“Next up is the study results. Director Lowell, I’ve taken the liberty of scheduling a meeting with the study experts, so they can go into this in more detail and answer questions you and Gray may have. But from the synopsis, I think we’re the only conservatorship that has clearly separated civilian cases from criminal cases. We are also the only one that has such a large PCSS department and we handle the majority of IT and Customer Service work.”
“Good work, Annabeth. I appreciate you handling this, and I look forward to the meeting with the experts,” I respond. I hired Annabeth to be an assistant to Director Lowell a few months ago. I’ve been mentoring her for smaller project management jobs and these days I’m only needed for the large or multi-faceted projects. “Now, for the big project you’ve dumped in my lap, Director Lowell.”
“I wouldn’t call planning a party something that’s dumped on anyone, Gray.”
“First of all, a party is a not what I would call this, Director Lowell. I am planning an event for now over 50,000 Psycepts, PCSS, ABQ community, and whoever else you’re going to add at the last minute, because I know you. Well, the date is set, it’s the Saturday two weeks before Vernal Equinox. This allows us to avoid time conflicts with planting season and Equinox celebrations while still having a good chance for decent weather, though in keeping with the time of year, it may be a bit windy.
“The main venue will be the Centro de Convenciones y Festival del Campo in Old Town. This allows us to use the 40,000-person capacity of the Convention Center with additional room at events staged on the adjacent festival grounds. We have food vendors booked as well as a selection of activities for children like bounce houses and face paintings. We also partially booked a traveling fair, by which the ABQ-AC agreed to waive the rental fee for a week which is enough to get the fair to open at our event.
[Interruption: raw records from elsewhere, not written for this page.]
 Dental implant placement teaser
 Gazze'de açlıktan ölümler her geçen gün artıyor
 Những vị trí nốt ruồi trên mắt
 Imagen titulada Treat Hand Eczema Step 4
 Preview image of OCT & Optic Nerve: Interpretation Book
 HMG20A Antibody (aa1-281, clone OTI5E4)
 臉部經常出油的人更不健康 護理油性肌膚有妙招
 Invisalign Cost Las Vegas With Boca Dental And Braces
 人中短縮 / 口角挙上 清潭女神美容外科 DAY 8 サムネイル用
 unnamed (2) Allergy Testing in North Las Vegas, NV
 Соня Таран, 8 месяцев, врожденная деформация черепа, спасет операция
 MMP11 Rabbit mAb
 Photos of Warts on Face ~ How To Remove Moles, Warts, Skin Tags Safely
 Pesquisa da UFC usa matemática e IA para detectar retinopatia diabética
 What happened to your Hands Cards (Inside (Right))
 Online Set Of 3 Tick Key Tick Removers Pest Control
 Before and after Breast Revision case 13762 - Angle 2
As the fair usually stays two weeks at a time, essentially having half-off rent was incentive enough for them to agree to come to town a little earlier than usual.
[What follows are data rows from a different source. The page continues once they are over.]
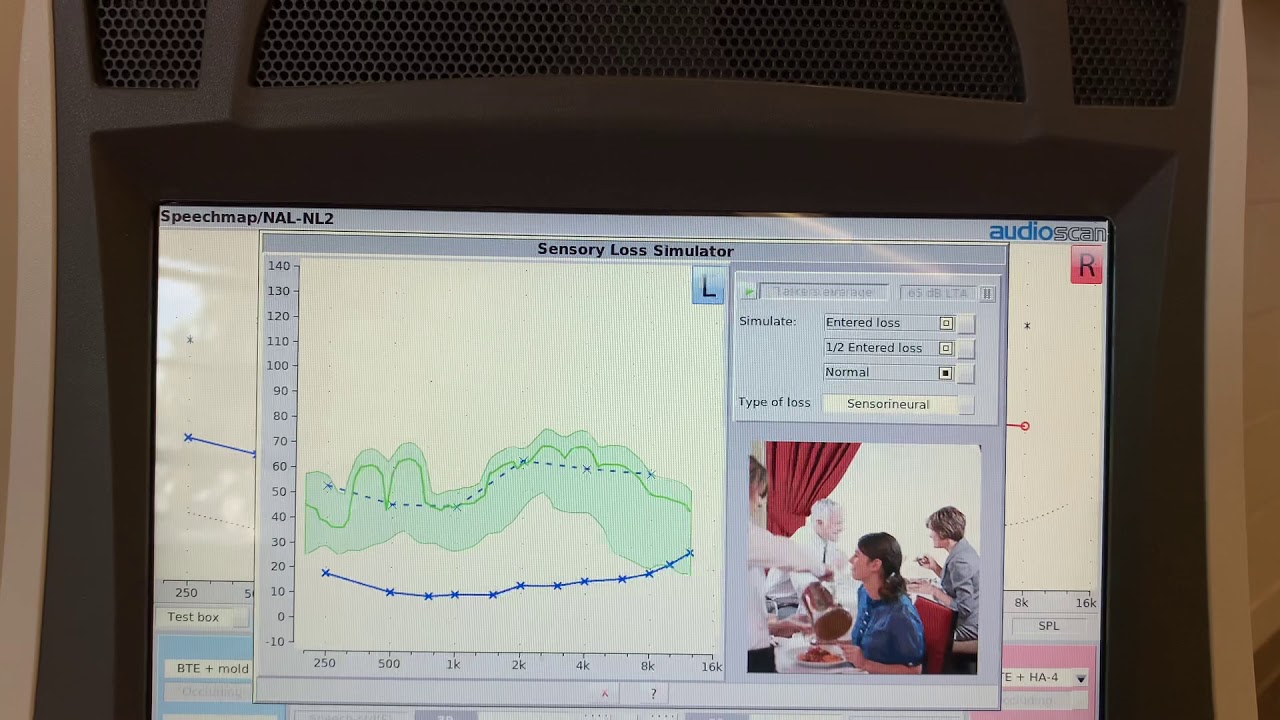 Simulation of hearing loss - YouTube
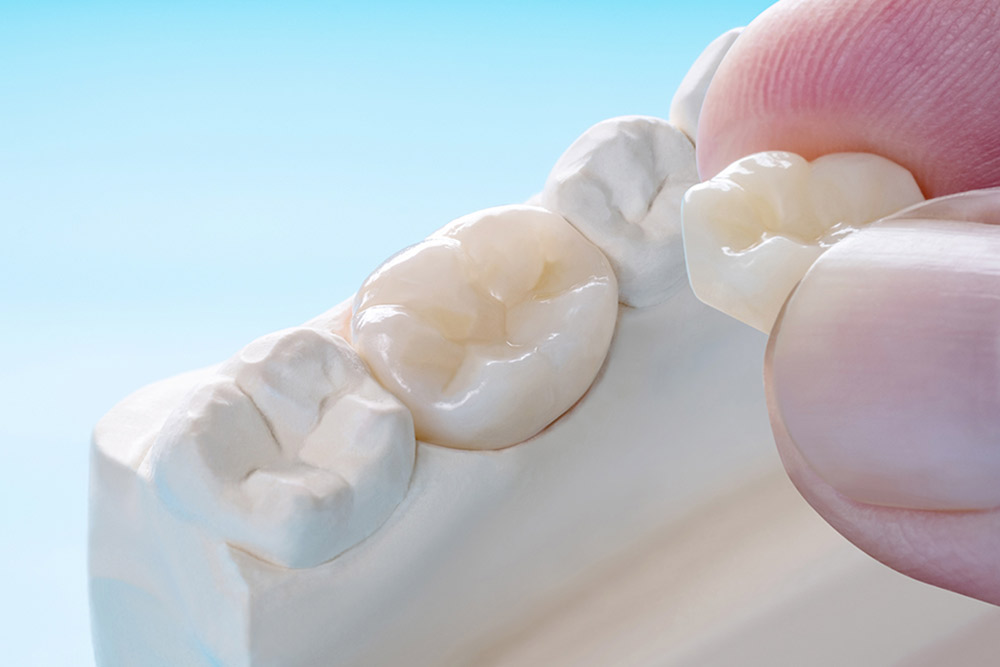 つめ物・かぶせ物とは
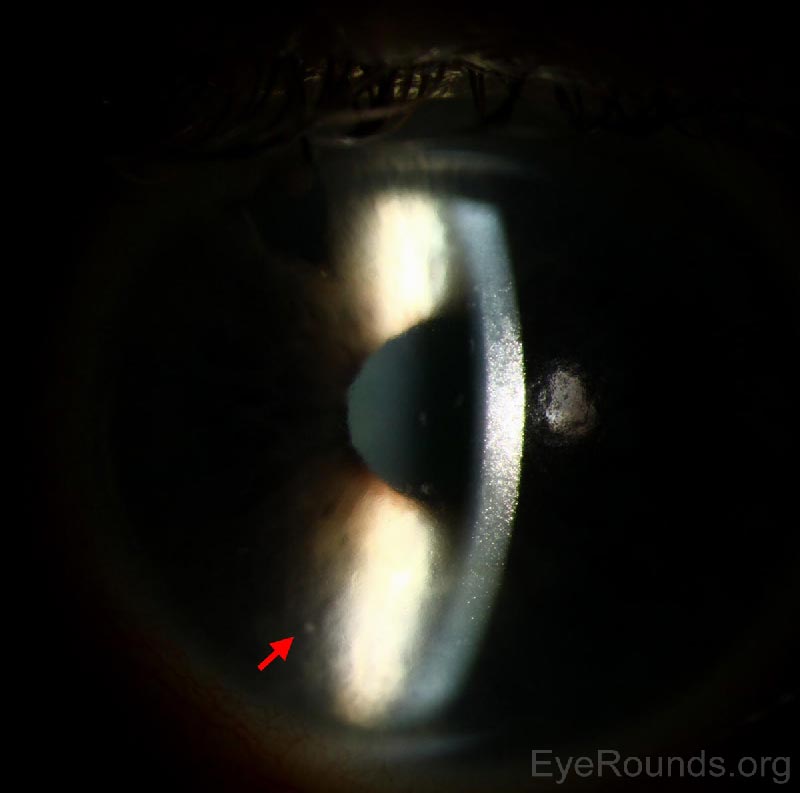 Slit lamp photograph of the left eye reveals a faint, small KP visible on the corneal endothelium (arrow).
“With my recommendation, PCSS originally hired Professor Biobaku as the program director for the police Psycepts panels. The plan is the police Psycepts will hold a few Q&A sessions and a couple of panels regarding this. Since we are such a small portion of Psycepts, we are just trying to demystify what we do. When you expanded the invitation to include all Psycept categories, the Psycept Council liked his preliminary programming enough to engage him to handle the entirety of Psycept programs. The upstairs meeting rooms will have various educational or interactive programs and speakers focusing on Psycept history from our various perspectives.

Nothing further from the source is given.